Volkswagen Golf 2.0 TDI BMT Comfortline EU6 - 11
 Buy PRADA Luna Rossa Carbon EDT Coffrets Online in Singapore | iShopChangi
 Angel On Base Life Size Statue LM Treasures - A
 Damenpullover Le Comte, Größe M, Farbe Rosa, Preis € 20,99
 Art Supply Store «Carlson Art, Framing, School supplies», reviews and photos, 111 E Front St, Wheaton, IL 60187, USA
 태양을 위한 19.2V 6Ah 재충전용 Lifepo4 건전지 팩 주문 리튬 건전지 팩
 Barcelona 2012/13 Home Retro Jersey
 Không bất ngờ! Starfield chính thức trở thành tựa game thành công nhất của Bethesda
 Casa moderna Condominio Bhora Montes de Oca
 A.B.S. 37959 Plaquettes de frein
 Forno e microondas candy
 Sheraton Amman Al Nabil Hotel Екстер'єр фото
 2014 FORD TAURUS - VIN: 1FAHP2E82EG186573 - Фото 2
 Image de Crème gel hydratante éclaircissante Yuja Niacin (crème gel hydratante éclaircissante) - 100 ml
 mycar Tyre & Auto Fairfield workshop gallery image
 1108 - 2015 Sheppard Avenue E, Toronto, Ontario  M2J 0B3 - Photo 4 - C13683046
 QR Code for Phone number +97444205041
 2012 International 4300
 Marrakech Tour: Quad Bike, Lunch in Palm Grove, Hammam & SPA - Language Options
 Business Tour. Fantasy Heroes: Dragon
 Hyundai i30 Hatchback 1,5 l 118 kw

..............................

◆ What is required
Write out the data above once more, exactly as it reads.

◆ Answer area
Volkswagen Golf 2.0 TDI BMT Comfortline EU6 - 11
 Buy PRADA Luna Rossa Carbon EDT Coffrets Online in Singapore | iShopChangi
 Angel On Base Life Size Statue LM Treasures - A
 Damenpullover Le Comte, Größe M, Farbe Rosa, Preis € 20,99
 Art Supply Store «Carlson Art, Framing, School supplies», reviews and photos, 111 E Front St, Wheaton, IL 60187, USA
 태양을 위한 19.2V 6Ah 재충전용 Lifepo4 건전지 팩 주문 리튬 건전지 팩
 Barcelona 2012/13 Home Retro Jersey
 Không bất ngờ! Starfield chính thức trở thành tựa game thành công nhất của Bethesda
 Casa moderna Condominio Bhora Montes de Oca
 A.B.S. 37959 Plaquettes de frein
 Forno e microondas candy
 Sheraton Amman Al Nabil Hotel Екстер'єр фото
 2014 FORD TAURUS - VIN: 1FAHP2E82EG186573 - Фото 2
 Image de Crème gel hydratante éclaircissante Yuja Niacin (crème gel hydratante éclaircissante) - 100 ml
 mycar Tyre & Auto Fairfield workshop gallery image
 1108 - 2015 Sheppard Avenue E, Toronto, Ontario  M2J 0B3 - Photo 4 - C13683046
 QR Code for Phone number +97444205041
 2012 International 4300
 Marrakech Tour: Quad Bike, Lunch in Palm Grove, Hammam & SPA - Language Options
 Business Tour. Fantasy Heroes: Dragon
 Hyundai i30 Hatchback 1,5 l 118 kw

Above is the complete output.